- TASK STATEMENT: Nothing should be left out: output all of the entries exactly.

━━━ DATA PROVIDED

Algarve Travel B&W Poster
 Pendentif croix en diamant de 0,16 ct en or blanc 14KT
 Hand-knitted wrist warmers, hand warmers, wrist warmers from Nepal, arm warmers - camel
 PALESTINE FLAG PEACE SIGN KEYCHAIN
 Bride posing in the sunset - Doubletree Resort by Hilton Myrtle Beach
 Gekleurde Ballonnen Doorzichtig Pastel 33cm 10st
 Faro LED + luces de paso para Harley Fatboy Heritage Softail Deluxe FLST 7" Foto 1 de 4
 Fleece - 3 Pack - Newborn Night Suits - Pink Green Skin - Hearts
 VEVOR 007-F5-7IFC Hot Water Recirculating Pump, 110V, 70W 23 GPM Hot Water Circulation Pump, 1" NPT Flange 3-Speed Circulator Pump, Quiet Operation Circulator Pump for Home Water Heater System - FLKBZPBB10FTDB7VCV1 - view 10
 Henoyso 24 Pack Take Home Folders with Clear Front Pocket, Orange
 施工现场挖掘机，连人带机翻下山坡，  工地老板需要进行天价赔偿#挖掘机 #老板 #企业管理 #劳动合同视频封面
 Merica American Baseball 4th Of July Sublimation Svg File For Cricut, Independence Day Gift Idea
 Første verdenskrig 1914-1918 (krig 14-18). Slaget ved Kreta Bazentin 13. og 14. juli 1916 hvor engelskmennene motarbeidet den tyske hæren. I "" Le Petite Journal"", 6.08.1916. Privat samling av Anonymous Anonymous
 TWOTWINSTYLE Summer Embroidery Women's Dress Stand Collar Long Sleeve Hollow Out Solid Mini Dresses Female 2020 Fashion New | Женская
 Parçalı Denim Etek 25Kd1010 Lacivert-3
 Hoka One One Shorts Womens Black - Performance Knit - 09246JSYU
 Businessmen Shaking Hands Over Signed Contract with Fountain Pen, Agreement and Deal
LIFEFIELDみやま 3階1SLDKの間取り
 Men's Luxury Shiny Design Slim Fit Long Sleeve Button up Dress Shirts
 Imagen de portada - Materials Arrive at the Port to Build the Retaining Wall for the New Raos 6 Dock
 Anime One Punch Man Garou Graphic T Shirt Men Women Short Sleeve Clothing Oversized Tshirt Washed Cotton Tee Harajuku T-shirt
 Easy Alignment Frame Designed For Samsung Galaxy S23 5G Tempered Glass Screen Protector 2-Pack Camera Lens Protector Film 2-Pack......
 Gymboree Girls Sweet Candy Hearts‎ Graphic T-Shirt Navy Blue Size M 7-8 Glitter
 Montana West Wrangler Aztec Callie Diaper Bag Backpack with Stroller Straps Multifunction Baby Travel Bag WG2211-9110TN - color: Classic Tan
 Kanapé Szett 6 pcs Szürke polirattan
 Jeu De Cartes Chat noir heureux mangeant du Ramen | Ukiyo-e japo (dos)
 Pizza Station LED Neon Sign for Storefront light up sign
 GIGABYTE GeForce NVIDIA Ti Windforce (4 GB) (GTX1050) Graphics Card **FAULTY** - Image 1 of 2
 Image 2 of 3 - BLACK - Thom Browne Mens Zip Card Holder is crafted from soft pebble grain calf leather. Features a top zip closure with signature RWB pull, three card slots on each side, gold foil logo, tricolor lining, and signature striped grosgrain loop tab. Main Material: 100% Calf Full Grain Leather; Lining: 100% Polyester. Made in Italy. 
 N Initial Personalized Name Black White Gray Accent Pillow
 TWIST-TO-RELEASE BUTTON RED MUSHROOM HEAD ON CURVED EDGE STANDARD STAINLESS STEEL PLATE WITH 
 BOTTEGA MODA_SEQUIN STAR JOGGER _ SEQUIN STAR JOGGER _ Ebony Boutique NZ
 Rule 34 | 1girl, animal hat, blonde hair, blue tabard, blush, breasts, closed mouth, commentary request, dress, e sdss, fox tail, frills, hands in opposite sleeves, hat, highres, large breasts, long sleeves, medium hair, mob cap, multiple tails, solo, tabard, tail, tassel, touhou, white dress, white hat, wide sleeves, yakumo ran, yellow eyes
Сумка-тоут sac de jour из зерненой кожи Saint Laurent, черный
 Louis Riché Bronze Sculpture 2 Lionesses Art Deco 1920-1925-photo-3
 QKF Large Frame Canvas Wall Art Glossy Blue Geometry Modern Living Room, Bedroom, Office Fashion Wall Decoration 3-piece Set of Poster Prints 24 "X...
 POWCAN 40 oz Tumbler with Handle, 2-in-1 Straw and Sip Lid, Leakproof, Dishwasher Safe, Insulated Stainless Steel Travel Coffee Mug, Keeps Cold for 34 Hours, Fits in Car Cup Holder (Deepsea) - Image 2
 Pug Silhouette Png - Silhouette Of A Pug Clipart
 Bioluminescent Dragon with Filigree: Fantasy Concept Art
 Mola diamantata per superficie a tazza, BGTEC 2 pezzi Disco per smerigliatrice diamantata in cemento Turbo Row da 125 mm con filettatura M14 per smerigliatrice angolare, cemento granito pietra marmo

━━━━━━

- FINAL ANSWER:
Algarve Travel B&W Poster
 Pendentif croix en diamant de 0,16 ct en or blanc 14KT
 Hand-knitted wrist warmers, hand warmers, wrist warmers from Nepal, arm warmers - camel
 PALESTINE FLAG PEACE SIGN KEYCHAIN
 Bride posing in the sunset - Doubletree Resort by Hilton Myrtle Beach
 Gekleurde Ballonnen Doorzichtig Pastel 33cm 10st
 Faro LED + luces de paso para Harley Fatboy Heritage Softail Deluxe FLST 7" Foto 1 de 4
 Fleece - 3 Pack - Newborn Night Suits - Pink Green Skin - Hearts
 VEVOR 007-F5-7IFC Hot Water Recirculating Pump, 110V, 70W 23 GPM Hot Water Circulation Pump, 1" NPT Flange 3-Speed Circulator Pump, Quiet Operation Circulator Pump for Home Water Heater System - FLKBZPBB10FTDB7VCV1 - view 10
 Henoyso 24 Pack Take Home Folders with Clear Front Pocket, Orange
 施工现场挖掘机，连人带机翻下山坡，  工地老板需要进行天价赔偿#挖掘机 #老板 #企业管理 #劳动合同视频封面
 Merica American Baseball 4th Of July Sublimation Svg File For Cricut, Independence Day Gift Idea
 Første verdenskrig 1914-1918 (krig 14-18). Slaget ved Kreta Bazentin 13. og 14. juli 1916 hvor engelskmennene motarbeidet den tyske hæren. I "" Le Petite Journal"", 6.08.1916. Privat samling av Anonymous Anonymous
 TWOTWINSTYLE Summer Embroidery Women's Dress Stand Collar Long Sleeve Hollow Out Solid Mini Dresses Female 2020 Fashion New | Женская
 Parçalı Denim Etek 25Kd1010 Lacivert-3
 Hoka One One Shorts Womens Black - Performance Knit - 09246JSYU
 Businessmen Shaking Hands Over Signed Contract with Fountain Pen, Agreement and Deal
LIFEFIELDみやま 3階1SLDKの間取り
 Men's Luxury Shiny Design Slim Fit Long Sleeve Button up Dress Shirts
 Imagen de portada - Materials Arrive at the Port to Build the Retaining Wall for the New Raos 6 Dock
 Anime One Punch Man Garou Graphic T Shirt Men Women Short Sleeve Clothing Oversized Tshirt Washed Cotton Tee Harajuku T-shirt
 Easy Alignment Frame Designed For Samsung Galaxy S23 5G Tempered Glass Screen Protector 2-Pack Camera Lens Protector Film 2-Pack......
 Gymboree Girls Sweet Candy Hearts‎ Graphic T-Shirt Navy Blue Size M 7-8 Glitter
 Montana West Wrangler Aztec Callie Diaper Bag Backpack with Stroller Straps Multifunction Baby Travel Bag WG2211-9110TN - color: Classic Tan
 Kanapé Szett 6 pcs Szürke polirattan
 Jeu De Cartes Chat noir heureux mangeant du Ramen | Ukiyo-e japo (dos)
 Pizza Station LED Neon Sign for Storefront light up sign
 GIGABYTE GeForce NVIDIA Ti Windforce (4 GB) (GTX1050) Graphics Card **FAULTY** - Image 1 of 2
 Image 2 of 3 - BLACK - Thom Browne Mens Zip Card Holder is crafted from soft pebble grain calf leather. Features a top zip closure with signature RWB pull, three card slots on each side, gold foil logo, tricolor lining, and signature striped grosgrain loop tab. Main Material: 100% Calf Full Grain Leather; Lining: 100% Polyester. Made in Italy. 
 N Initial Personalized Name Black White Gray Accent Pillow
 TWIST-TO-RELEASE BUTTON RED MUSHROOM HEAD ON CURVED EDGE STANDARD STAINLESS STEEL PLATE WITH 
 BOTTEGA MODA_SEQUIN STAR JOGGER _ SEQUIN STAR JOGGER _ Ebony Boutique NZ
 Rule 34 | 1girl, animal hat, blonde hair, blue tabard, blush, breasts, closed mouth, commentary request, dress, e sdss, fox tail, frills, hands in opposite sleeves, hat, highres, large breasts, long sleeves, medium hair, mob cap, multiple tails, solo, tabard, tail, tassel, touhou, white dress, white hat, wide sleeves, yakumo ran, yellow eyes
Сумка-тоут sac de jour из зерненой кожи Saint Laurent, черный
 Louis Riché Bronze Sculpture 2 Lionesses Art Deco 1920-1925-photo-3
 QKF Large Frame Canvas Wall Art Glossy Blue Geometry Modern Living Room, Bedroom, Office Fashion Wall Decoration 3-piece Set of Poster Prints 24 "X...
 POWCAN 40 oz Tumbler with Handle, 2-in-1 Straw and Sip Lid, Leakproof, Dishwasher Safe, Insulated Stainless Steel Travel Coffee Mug, Keeps Cold for 34 Hours, Fits in Car Cup Holder (Deepsea) - Image 2
 Pug Silhouette Png - Silhouette Of A Pug Clipart
 Bioluminescent Dragon with Filigree: Fantasy Concept Art
 Mola diamantata per superficie a tazza, BGTEC 2 pezzi Disco per smerigliatrice diamantata in cemento Turbo Row da 125 mm con filettatura M14 per smerigliatrice angolare, cemento granito pietra marmo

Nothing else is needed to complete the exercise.